What’s all this talk about mapping?

Cadora has a history of working with criminal and justice reform, but reached a point where he felt he reached a glass ceiling.  There was a pretty steady rate of incarceration in the 1970s where it reached around 200,000 people.  After that period, it skyrocketed over 2 million today.  This drove him to look at crime mapping in terms of how many people from a certain area have been incarcerated.

Mapping is done at different levels such as community districts, school districts or state senate districts, depending on the ‘audience,’ he says.

There is a difference between crime mapping and mapping where people who have been, or are currently incarcerated live.  Where people live and have been incarcerated is much more concentrated than than the distribution of crime, is the trend they found through mapping.

A map of NYC by census tracts with CD’s layered on top is up on the screen showing number of men admitted to prison. (It examines in terms of how many per 1000).
There are three major areas: the Bronx, upper Manhattan and Brooklyn that have the highest proportion of incarceration.  Together they make up approx 17 of total male population of NYC but account for over 50% of NY males sent to prison.

Prison Expenditure:
How much is being sent to incarcerate and then return people back to a given area?  There are certain areas in Brooklyn, for e.g. where it costs $1million to do this and in some cases up to $50 million.  So, the question is, is it right to spend all this money to send these people to prison only for them to come back after 4 years?  How about we bring these dollars back and reinvest in the neighborhood to  prevent crime and recidivism?

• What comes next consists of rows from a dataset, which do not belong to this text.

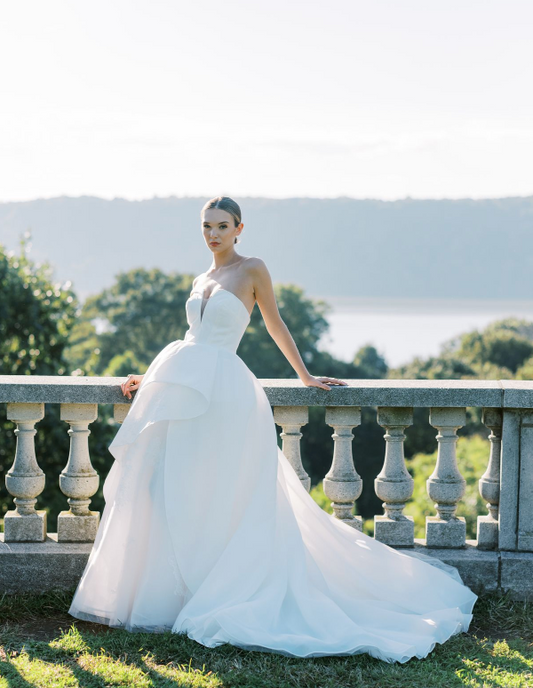 Waist is 30 inches – The Brides' Project
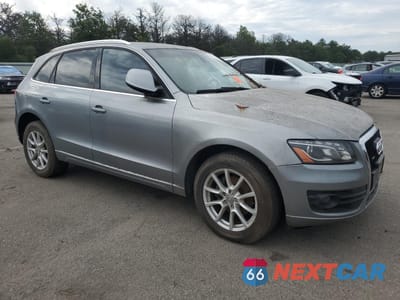 Czwarte zdjęcie samochodu z boku: 2010 AUDI Q5 PREMIUM PLUS VIN:WA1LKAFPXAA027701 - miniatura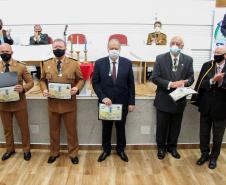 Entrega de medalhas e entrada de novos integrantes marca aniversário de três anos da Academia de Letras da PM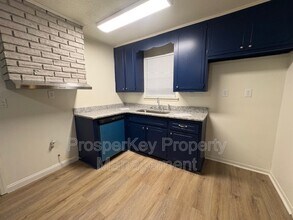2024 Yancey Ave in Montgomery, AL - Foto de edificio - Building Photo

Getting government agencies to collaborate on the neighborhood level to address this is the next goal.   Taking Houston as an example, high rates of incarceration is also reflected by low performing schools in the area.  The idea that more criminal infrastructure is better than investing civil institutions is being challenged and brought in front of government.

To recap, the notion that certain city neighborhoods have a higher rate of incarceration rates than others is a national trend.  Another example given is Detroit which by the way, is “rampant with prison admissions.”

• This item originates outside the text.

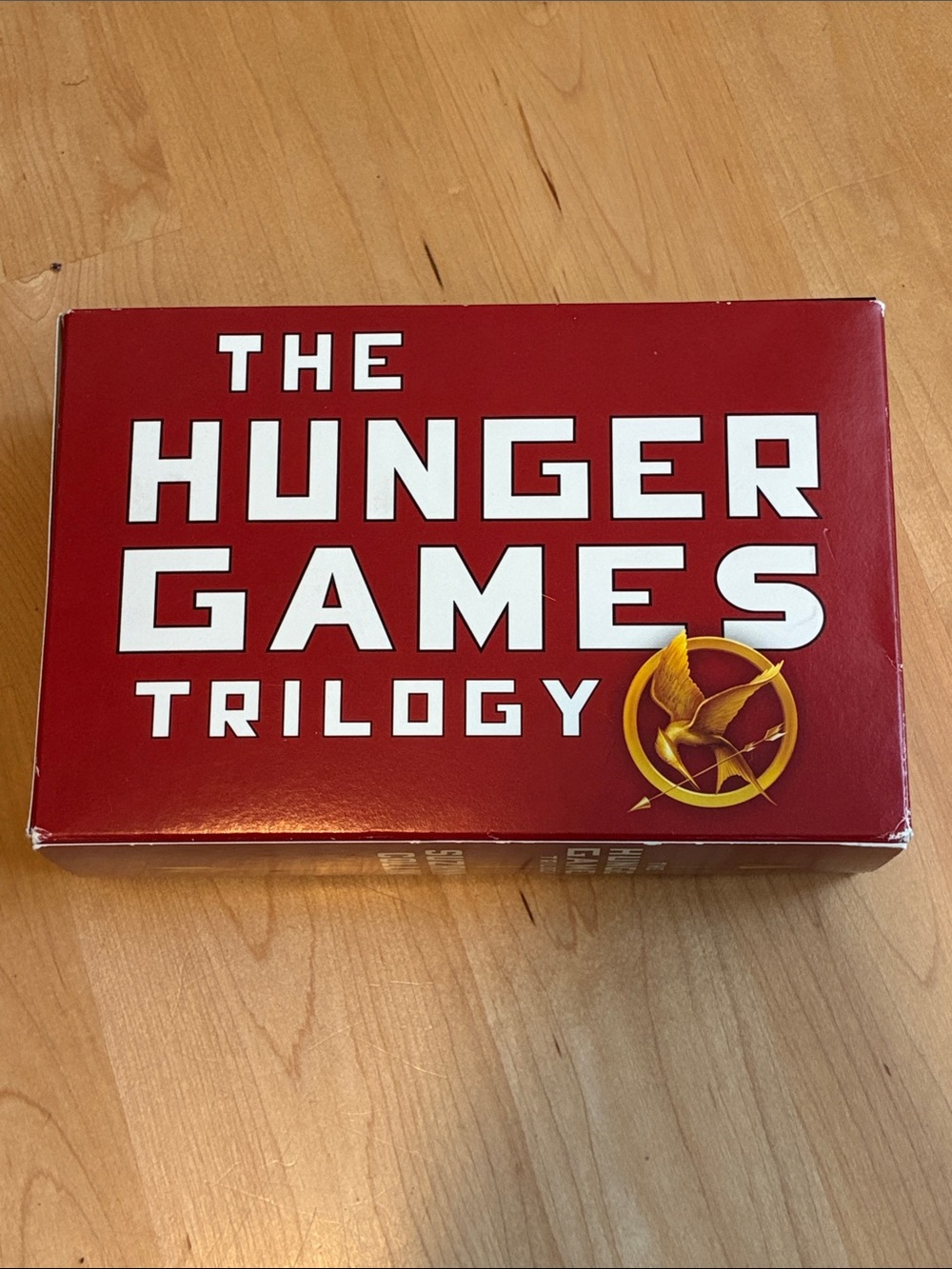 Scholastic The Hunger Games Trilogy Box Set - Red with Gold Arrow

This mapping procedure can show the many hundreds of kids who have lost a parent to prison.  he greatest indicator of future incarceration is parental incarceration.

Again, the monetary cost of incarceration is in the millions.

The number of people being sent back to prison because of revoke of parole, failed drug tests – conditional and technical issues – as opposed to actual crime. Parole and probation is a broken system.  Parole officers are not sure what their role is any more, given that this type of recidivism can reach as high as 80% – are they 2nd class cops?  A type of social worker?  Should they, in future, be put into the neighborhood to manage those released?  Why not integrate them into other community based organizations there?

So, what do the policy makers do with all this information?

Speaker: Marshall Clement, Council of State Governments’ Justice Reinvestment Project.

A national, non -profit that represents all three branches of govnt. They give advice on policy issues.  The government’s three main concerns regarding criminal justice at the moment are: increases in crime, the rising number of the prisons in the U.S. which predicted to keep increasing and the lack of money in the current economic climate.

California’s response to its high crime rate has been to push a giant building program.  Another consideration is early release which is not a popular option.

So, a third possible solution that would include: use mapping to analyze data to look at crime and court corrections, implement policy changes and establish greater accountability at government level.

Some states are interested in implementing this, for e,g Kansas, Texas and Michigan.

Kansas Case Study
In 2007, it’s prisons were reaching capacity so the state was planning to build an extra 2000 beds which would amount to 1/2 a billion dollars over a 10 year period.  By implementing the three elements outlined above, the state has significantly decreased crime and with less demand now for capacity has saved approx $80 million over a 5 year period.

Michigan and Texas were also presented as case studies.

The statistic that one out of every 3 state employees in Michigan are parole officers provoked a gasp from the audience, mostly comprised of urban planning and public policy students from NYU.  About 30 people turned out for the presentation.